(WHAT NEEDS TO BE DONE) Look for the word "Animal". Copy every line of the listing where it occurs.

-------- EXERCISE MATERIALS

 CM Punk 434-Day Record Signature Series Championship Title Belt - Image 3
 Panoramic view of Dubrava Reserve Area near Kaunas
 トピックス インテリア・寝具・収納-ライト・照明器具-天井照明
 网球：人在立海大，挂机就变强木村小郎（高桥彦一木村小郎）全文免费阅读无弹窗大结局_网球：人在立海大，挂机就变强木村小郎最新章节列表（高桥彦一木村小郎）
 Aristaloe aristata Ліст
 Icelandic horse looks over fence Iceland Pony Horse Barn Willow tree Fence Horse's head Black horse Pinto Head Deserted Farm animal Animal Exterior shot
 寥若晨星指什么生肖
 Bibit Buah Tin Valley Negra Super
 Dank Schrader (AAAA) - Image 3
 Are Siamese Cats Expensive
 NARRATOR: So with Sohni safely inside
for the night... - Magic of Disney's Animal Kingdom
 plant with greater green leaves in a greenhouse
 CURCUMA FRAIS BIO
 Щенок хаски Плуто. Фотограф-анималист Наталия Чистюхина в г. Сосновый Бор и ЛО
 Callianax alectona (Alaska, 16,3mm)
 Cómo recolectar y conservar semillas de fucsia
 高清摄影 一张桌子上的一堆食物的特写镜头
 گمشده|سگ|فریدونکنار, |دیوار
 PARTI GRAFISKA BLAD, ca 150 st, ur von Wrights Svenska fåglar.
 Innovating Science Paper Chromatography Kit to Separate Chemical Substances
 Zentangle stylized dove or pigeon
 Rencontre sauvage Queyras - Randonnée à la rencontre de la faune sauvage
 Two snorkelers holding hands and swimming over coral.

----------------

(ANSWER TO THE PROBLEM)
 Icelandic horse looks over fence Iceland Pony Horse Barn Willow tree Fence Horse's head Black horse Pinto Head Deserted Farm animal Animal Exterior shot
for the night... - Magic of Disney's Animal Kingdom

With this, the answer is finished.